> **Task objective**
No pictures should appear in the copy; otherwise retype the entries exactly.

> **Material supplied**
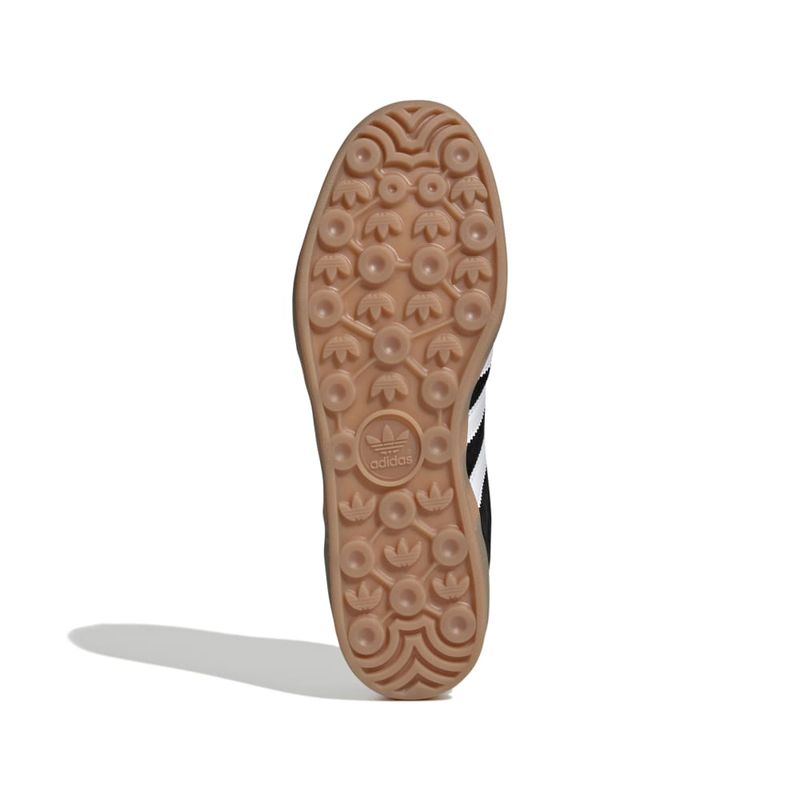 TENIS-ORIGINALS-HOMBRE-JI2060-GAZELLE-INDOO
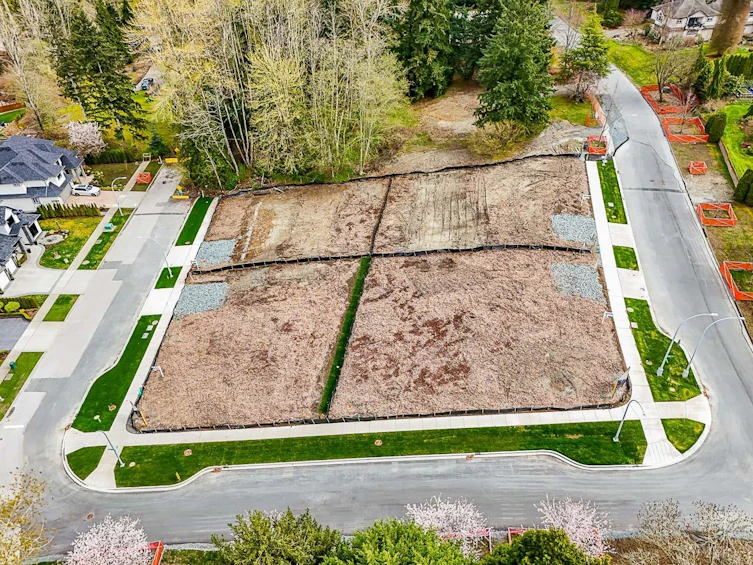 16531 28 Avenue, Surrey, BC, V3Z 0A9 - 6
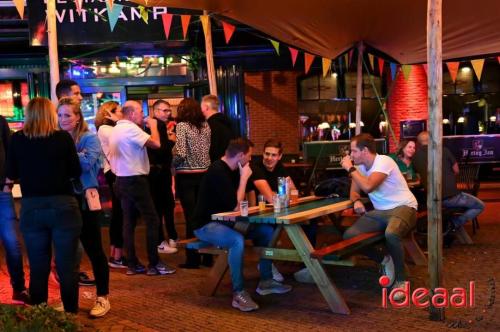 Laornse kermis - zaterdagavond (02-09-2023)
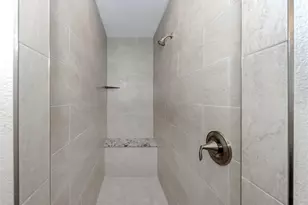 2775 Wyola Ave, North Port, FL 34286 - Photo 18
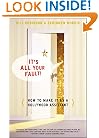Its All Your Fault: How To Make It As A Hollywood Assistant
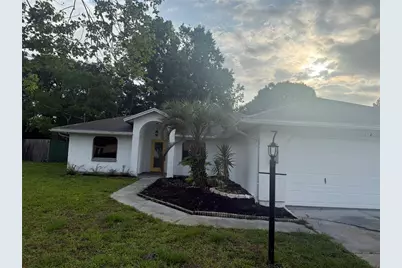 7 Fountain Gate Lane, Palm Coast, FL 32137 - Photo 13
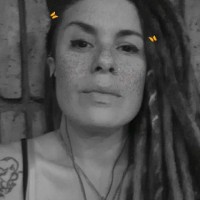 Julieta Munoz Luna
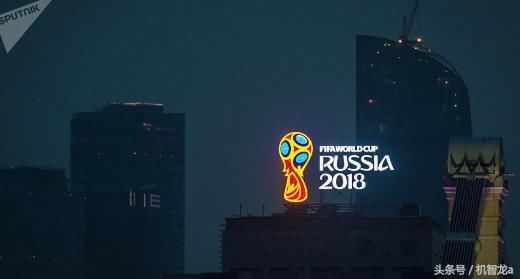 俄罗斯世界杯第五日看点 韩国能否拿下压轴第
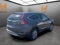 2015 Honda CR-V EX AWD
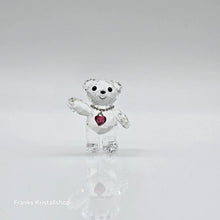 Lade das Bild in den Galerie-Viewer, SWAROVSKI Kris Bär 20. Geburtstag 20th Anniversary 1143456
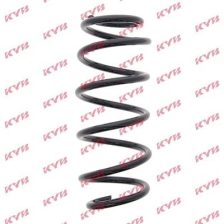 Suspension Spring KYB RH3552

> **Result below**
 TENIS-ORIGINALS-HOMBRE-JI2060-GAZELLE-INDOO
 16531 28 Avenue, Surrey, BC, V3Z 0A9 - 6
 Laornse kermis - zaterdagavond (02-09-2023)
 2775 Wyola Ave, North Port, FL 34286 - Photo 18
Its All Your Fault: How To Make It As A Hollywood Assistant
 7 Fountain Gate Lane, Palm Coast, FL 32137 - Photo 13
 Julieta Munoz Luna
 俄罗斯世界杯第五日看点 韩国能否拿下压轴第
 2015 Honda CR-V EX AWD
 Lade das Bild in den Galerie-Viewer, SWAROVSKI Kris Bär 20. Geburtstag 20th Anniversary 1143456
 Suspension Spring KYB RH3552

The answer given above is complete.